AIM OF THE EXERCISE =
Set down, word for word, every line of the material below from the one containing "Serenity by International" through the one containing "Eight knives, 9 1/4", but none of its pictures.

DATA SUPPLIED =
○ ○ ○ ○
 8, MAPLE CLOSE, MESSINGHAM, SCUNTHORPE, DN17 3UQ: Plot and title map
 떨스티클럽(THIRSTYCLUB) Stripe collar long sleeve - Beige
○ ○ ○ ○
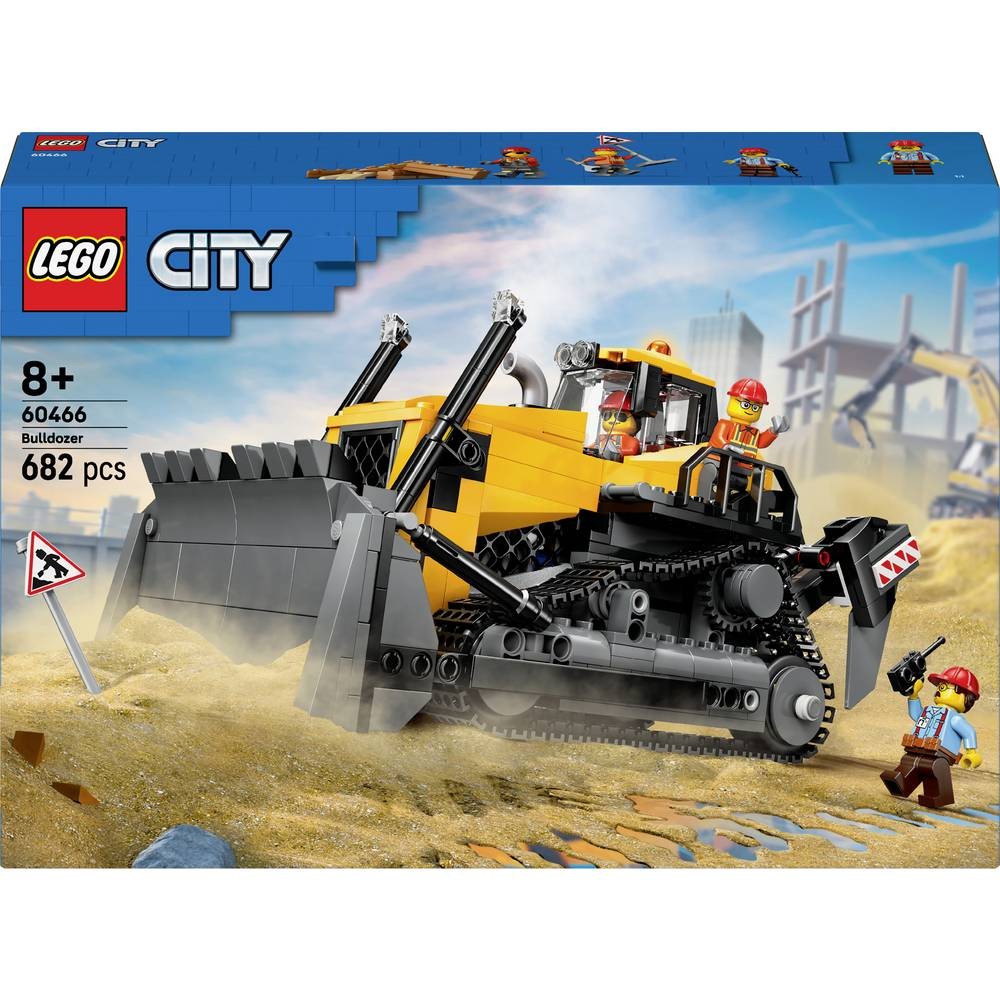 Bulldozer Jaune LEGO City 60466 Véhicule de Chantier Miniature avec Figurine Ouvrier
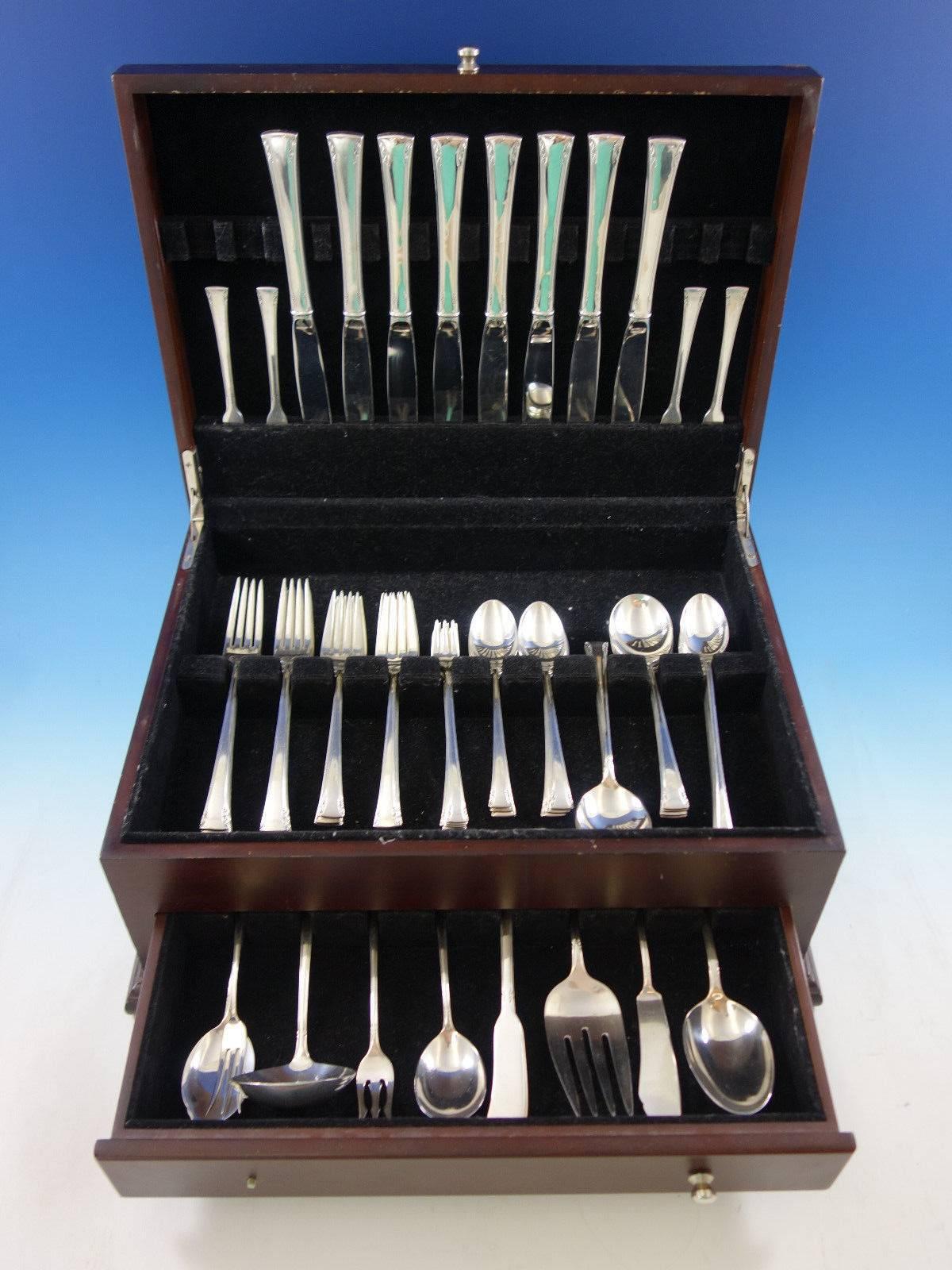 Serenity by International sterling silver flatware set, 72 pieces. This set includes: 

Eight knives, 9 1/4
○ ○ ○ ○
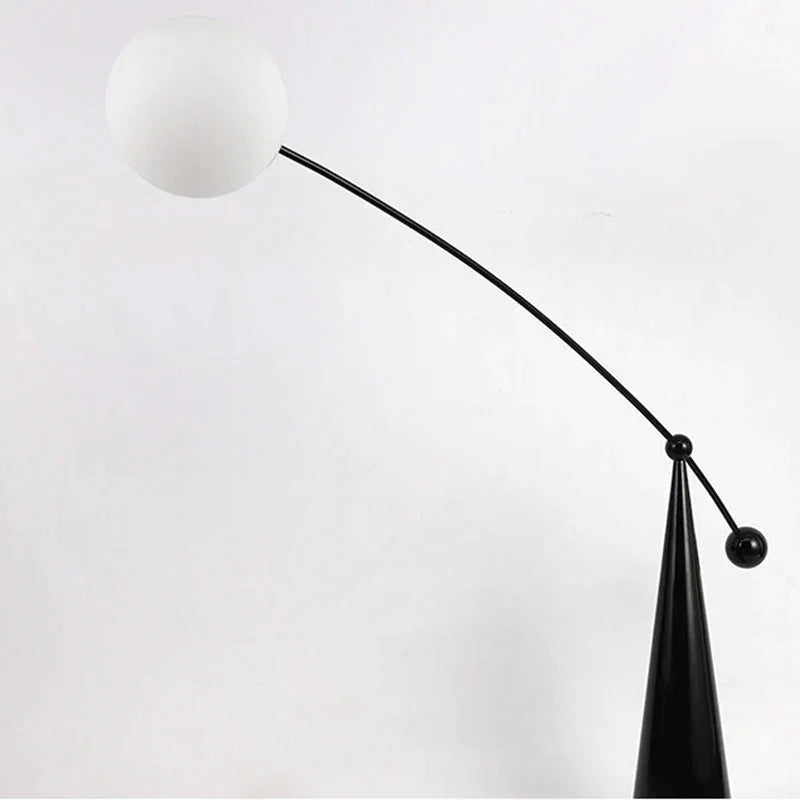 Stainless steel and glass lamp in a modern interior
○ ○ ○ ○
RESPONSE FOR THIS EXERCISE =
 Serenity by International sterling silver flatware set, 72 pieces. This set includes: 

Eight knives, 9 1/4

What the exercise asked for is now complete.